Bayesian Analysis for Intelligence: Some Focus on Middle East

By: Nicholas Schweitzer


    Nicholas Schweitzer introduces this report for the CIA by briefly discussing one problem intelligence analysts face today: the 'information explosion'; intelligence analysts struggle to filter through the copious amount of information with their limited resources. Another problem Schweitzer acknowledges is the difficult questions analysts have to answer in an increasingly complex world. One way to ease these problems is through the application of analytic methods.
    Schweitzer introduces the Bayesian analysis as a simple mathematical equation: A = B x C. He explains it further as "the probability of an underlying cause (hypothesis) equals its previous probability multiplied by the probability of the observed event was caused by that hypothesis". Schweitzer describes how analysts use Bayes to predict complex political outcomes. Analysts use estimated probabilities since the exact probability is impossible to evaluate. To generate these probabilities, analysts can use historical or expert opinion. Schweitzer even says analysts can incorporate the Delphi method, which uses expert opinions, alongside Bayes. The approximated probabilities provide a "starting point" of analysis    


  • Provides a wide range of expertise instead of depending on a single analyst
  • More information can be extracted from data
  • The process is reproducible
  • The end result can be displayed on a numerical scale
  • Analysts are forced to look at other perspectives


  • Can only be applied to certain questions (i.e. war or no war?) 
  • Must be expressed as a specific set of hypothetical outcomes
  • Must follow mathematical principles 
  • Needs to have a large amount of data which increases the probability of unreliable or even negative information
  • Can be manipulated by cognitive bias
  • Cannot be applied to crisis situations due to the need for time

     The author uses great examples, especially to stress the complexity of intelligence questions and defining the kinds of questions that work with Bayes. I also liked how Schweitzer discussed its applicability with the Delphi method because it is unlikely an analyst will only use one technique to come to a final conclusion on a difficult issue. However, there was not much explanation into the process of setting up Bayesian analysis (especially regarding the examples of the Middle East), and interpreting the results. I think this report does provide readers with a basic grasp on how Bayes works, but would not be enough of an explanation for analysts to use as a how-to guide. 

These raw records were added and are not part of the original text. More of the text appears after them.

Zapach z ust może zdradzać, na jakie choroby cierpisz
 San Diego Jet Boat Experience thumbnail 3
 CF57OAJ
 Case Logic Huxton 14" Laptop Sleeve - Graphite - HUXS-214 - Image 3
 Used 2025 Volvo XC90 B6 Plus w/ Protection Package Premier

  1. We discussed in the class that prediction market analysis are not enough to respond complex "intelligence questions" of the modern world. What is your opinion regarding Bayesian Analysis in terms of responding the complex intelligence questions?

    1. From what I've read about Bayes, it seems just like prediction markets, Bayesian analysis can only be applied to zero-sum questions. I listed the example that the author gave in the article with will there be a war or no war at all? Unfortunately in the intelligence community, we do not always deal with those kinds of questions. I would use this as a method to provide a starting point for analysis but perhaps not as a concluding estimate.

  2. I agree with Osman, Bayesian Analysis is similar to predication markets in that it attempts to answer a “yes or no” answer. The difference between the two seems that one has a statistical formula behind the question, while the latter is an aggregate of beliefs. It appears that the Bayesian is only useful in certain complex applications, like the military example, where a process of deduction can solve the problem. When applying Bayesian to the political spectrum, it appears the problem becomes exacerbated over time as political situations are always in flux.

    1. I agree. I believe Bayes is well suited for military problems since you can measure things such as capabilities and soldier experience whereas the solutions to political problems are unclear.

  3. Devon-You mentioned the author lacks in his "how to explanation" of Bayesian Analysis. I think this is because Bayesian Analysis does not heavily rely on the analyst and a specific process. In other words, Bayesian Analysis is highly repetitive and it relies on big data to do the crunching. More recently, Bayesian Analysis seems to be done using complex algorithms to conduct the analysis. Any thoughts on this?

    1. I agree. I think my expectations for this article were to receive a how-to conduct Bayes after the author introduced the article with some of the problems analysts see today. Even though it is a numbers game, I wanted to see how analysts landed on their probabilities, especially when the questions were so complex.

  4. I think it is useless to seek for a technique that fits all intelligence questions ranging from complex to simple ones. Therefore, Bayes method also isn't appropriate for every intelligence questions. With this in mind, Devon, does author mention about that can any one who wants to apply this technique conduct it successfully or does that require expertise to some extent?

    1. The only expertise the author seems to mention in this article is that regarding the material or subject at hand and not the Bayesian method. I would hope that analysts would at least have been tested on their basic knowledge of the method so they know that their calculations are correct. I mean, I'm sure they've passed Math 101, but these are intelligence analysts and mathematicians so there is room for error regarding Bayes.

  5. I agree. I think Bayes method is useful for intelligence questions that can be answered through the exploration of history data.

  6. I agree that the example is a good way to show how Bayes can work. I think you kinda alluded to it, I do think something like the Middle East is usually too ambiguous to accurately use Bayes from my knowledge of it. I do like that they combined another method (Delphi) with Bayes, while it may not work in every scenario I think it would usually add nuance to an analytical piece.